Le monde de l'insertion a besoin des entreprises. De leur appui financier certes ; mais aussi de leur expérience que ne possèdent ni l'administration ni le monde associatif ; de leur dynamisme, de leur imagination, et de leur capacité à innover.
Il y a des secteurs d'activité qui jouent un rôle déjà très important, et dont les acteurs de la lutte contre l'exclusion attendent encore plus.
Je n'en donnerai qu'un exemple, celui du secteur bancaire.
Sans soutien bancaire, il n'y a pas d'entreprise. Mais il n'y a pas non plus d'entreprise durable d'insertion par l'économique qui puisse se pérenniser. Celles-ci doivent être des entreprises à part entière, conçues avec l'aide de vrais professionnels.

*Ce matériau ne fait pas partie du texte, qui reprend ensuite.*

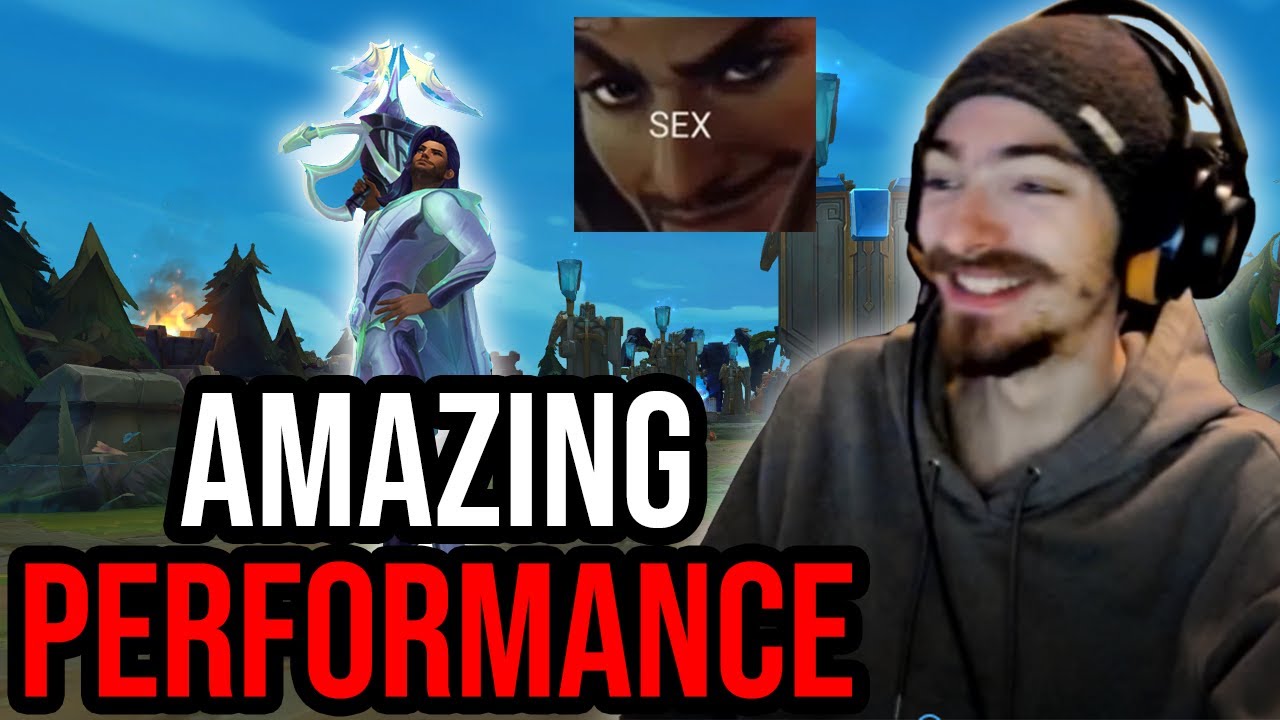 THIS IS HOW YOU PERFORM ON AKSHAN | Journey to Rank 1 NA #8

Ce soutien est également nécessaire pour faire aboutir les projets des personnes en grande difficulté qui créent leur propre emploi dans le cadre de programme comme celui initié par l'association Association pour le Droit à l'Initiative Économique (ADIE).
Je vous étonnerai peut-être mais grâce à l'accompagnement dont ces entreprises bénéficient, leur taux de survie au bout de 18 mois est de 70 %. Un taux presque meilleur que pour les créateurs d'entreprise "ordinaires". On ne le sait pas assez. On doit le savoir car la méconnaissance de ce secteur de l'insertion rend certaines institutions trop prudentes dans leurs relations avec lui.

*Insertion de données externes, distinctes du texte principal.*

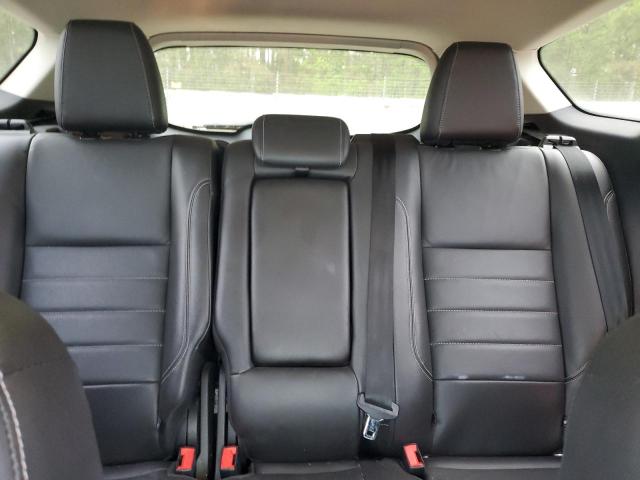 2015 FORD ESCAPE TIT - 1FMCU0JX0FUA24244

Autre exemple de l'imagination du secteur bancaire au service de la lutte contre l'exclusion : les "placements éthiques" et les "produits partage" qui permettent de collecter des ressources pour des actions en faveur des plus démunis.
Ce que je viens de dire pour la banque, je pourrais le dire pour l'assurance et tout autant pour beaucoup de secteurs des services ou de secteurs industriels. On connaît l'exemple de DARTY, associé à l'entreprise d'insertion ENVIE pour la remise en état d'appareils électroménagers. Je signerai prochainement une charte sur la ville avec le BTP qui associera les entreprises à l'insertion des jeunes des banlieues.
Mon souhait serait que chaque entreprise se sente concernée et se demande ce qu'elle peut faire avec les associations de terrain et les collectivités locales pour l'insertion de ceux de nos concitoyens qui sont en grande difficulté.
La cohésion sociale est un gigantesque défi pour nos pays occidentaux. Les solidarités familiales ou de voisinage, les solidarités locales et bien sûr nationales permettent de rendre la vie un peu moins dure aux faibles. Mais plus les personnes sont dans la difficulté, plus il est nécessaire de les aider individuellement. Plus le nombre d'exclus augmente, plus nous sommes condamnés à trouver de nouvelles solutions.
Il faut que le maximum de personnes ait un emploi de type classique. Pour les autres, en attendant des jours meilleurs que nous espérons proches, il faut au moins qu'ils aient une activité qui leur permette de continuer à avoir un statut dans notre société. Et pour la création d'activités, comme pour la création d'emplois, nous avons besoin des entreprises.
J'attends, vous l'avez compris, une mobilisation de tous pour la lutte contre l'exclusion, pour la cohésion sociale de notre pays.